OCF swallows AllSeen as standards bodies entwine

It has finally come to pass – the Open Connectivity Foundation and the AllSeen Alliance have agreed a merger, which sees their rather similar standards efforts combined inside the Linux Foundation. This is very big news for the device discovery and communication frameworks, which operate above the radio layers of the stack and hope to link IoT devices together in the wild.

This is good news for the IoT as a whole, as there were many stakeholders who suffered from moist-brows with the prospect of entrenched and protracted standards wars. When the OIC first burst onto the scene, in the days before its rebranding to the OCF, the prevailing narrative was that the IoT’s fractured state wasn’t going to get any better with competing standards bodies drawing battle lines.

However, the past two or three years have seen considerable consolidation within the IoT, especially at the cloud/platform level and in the semiconductor space. With this merging of bodies, some much-needed unity is being injected into the market. The seeds of this union should find themselves housed in fertile soil, as the groundwork needed to bear fruit in the IoT seems to be falling into place.

AllJoyn had something of a head-start on IoTivity (it is older, after all), as it is already shipping inside Qualcomm chipsets that power consumer devices – with a notable presence in home audio systems. The OCF recently ingested the UPnP Forum, which has a strong history and plethora of experience when it comes to device discovery in consumer electronics, and has also signed a working agreement with the Thread Group, to more closely pair IoTivity with the mesh networking protocol.

By coming together as one group, we are able to make the IoT a more seamless, secure experience for everyone involved, from developers to end users,” said Danny Lousberg, the AllSeen Alliance’ Chairperson. “The AllSeen Alliance and the OCF have been working closely together closely to deliver a technologically comprehensive solution that makes sense for the industry and our members.”

The two standards are pretty similar in their functionality – aiming to allow a device to more easily discover nearby devices and then communicate with them, by providing the software framework to do so. Differences in the underlying code aside, the more notable difference between the two is that IoTivity is “IP-native” and can communicate directly with devices elsewhere on the internet, while AllJoyn would require an IP bridge to do so.

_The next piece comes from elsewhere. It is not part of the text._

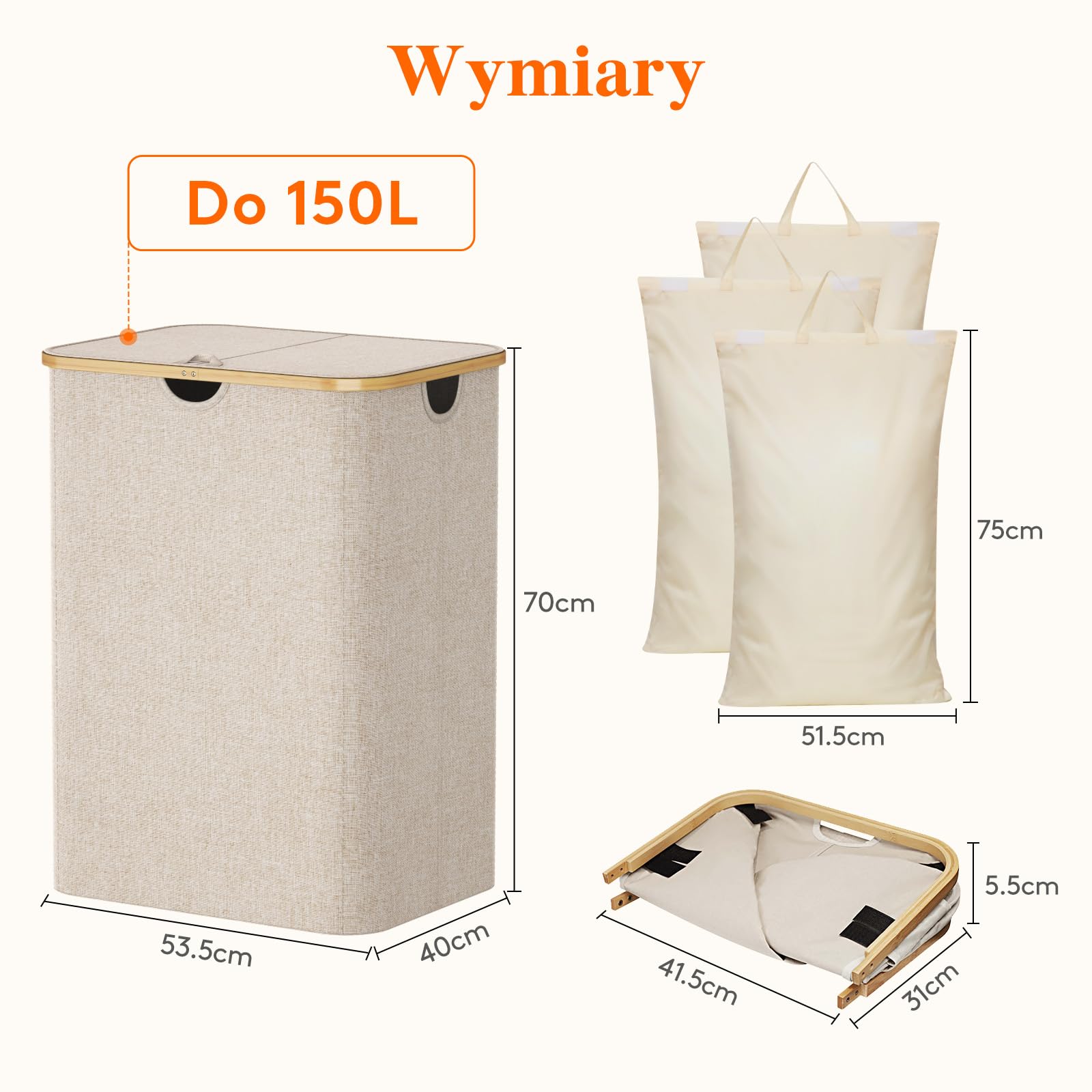 Lifewit 150L Kosz na pranie z pokrywką, Zbieracz prania 3 przegródki, Duży pojemnik na pranie, Sortownik prania, Beczka na pranie, Sortowanie prania, Pojemnik na pranie, Kosze na pranie do pralni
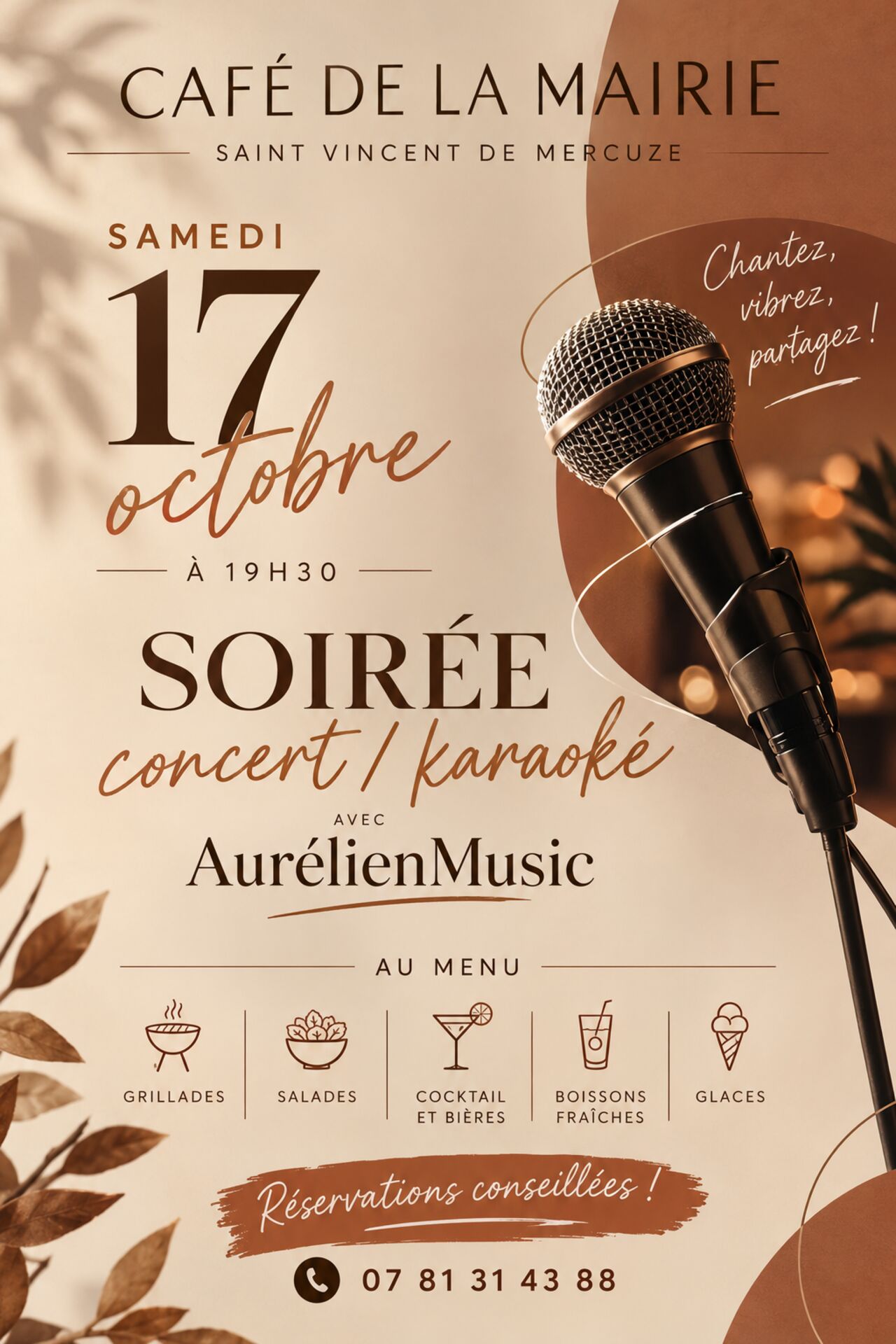 SOIRÉE CONCERT - KARAOKÉ « AurélienMusic » 🧸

Both aim to be transport-layer agnostic, and they play above the ongoing battle between IoT-focused radio protocols (Thread, ZigBee, Z-Wave, BLE, WiFi HaLow). For chipsets, it should now be fairly straightforward to add the IoTivity stack to the devices and pass them through to OCF certification labs – after which they can use the OCF branding in the marketplace.

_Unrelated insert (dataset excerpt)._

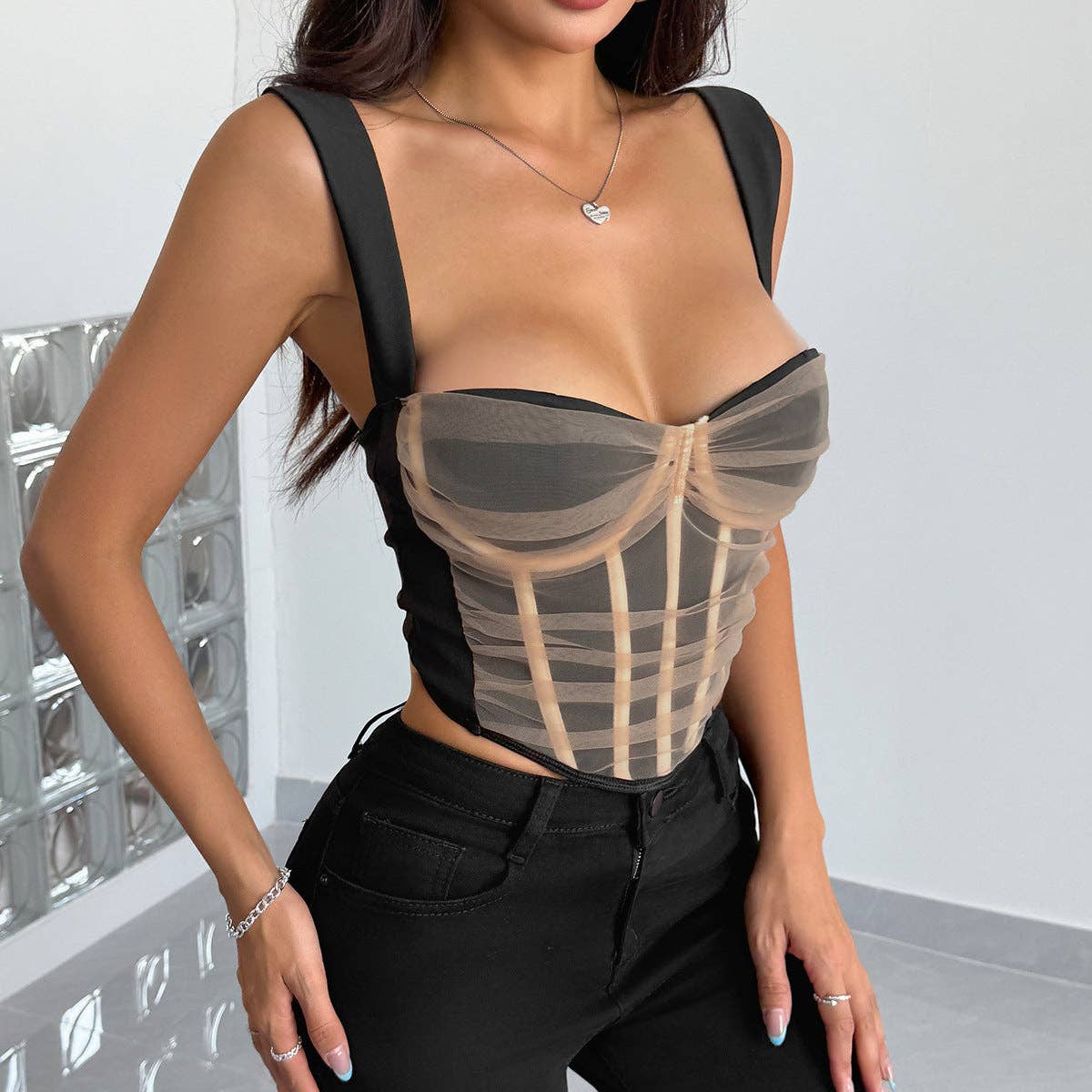 Marayn - Wholesale Corset - Women's - Mesh Corset Top Edgy Sexy  Bold12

Headquartered in Beaverton, Oregon, the OCF will absorb AllSeen, expand its board of directors, and work collaboratively on future OCF specifications (which are then used to implement the open source IoTivity spec), with the OCF sponsoring further work on both the IoTivity and AllJoyn projects inside the Linux Foundation.

However, both of these projects will collaborate to support the future version of the OCF specification, “in a single IoTivity implementation that combines the best of both technologies into a unified solution. Current devices running on either AllJoyn or IoTivity will be interoperable and backward-compatible.”

The new board membership will comprise staff from; AB Electrolux, Arçelik, Arris, CableLabs, Canon, Cisco, GE, Haier, Intel, LG, Microsoft, Qualcomm, Samsung, and Technicolor. The writing for such a consolidation was on the wall when Qualcomm joined the OCF, and conversations that RIoT has had with various industry figures have suggested that such discussions have been taking place for a while now.

We’re incredibly excited about this unification, as both groups have been working diligently to make this possible,” said Mike Richmond, the executive director of the OCF. “As we forge onwards towards this shared goal, we are focused on building the most robust open IoT software solution to achieve our vision – complete interoperability within the IoT.”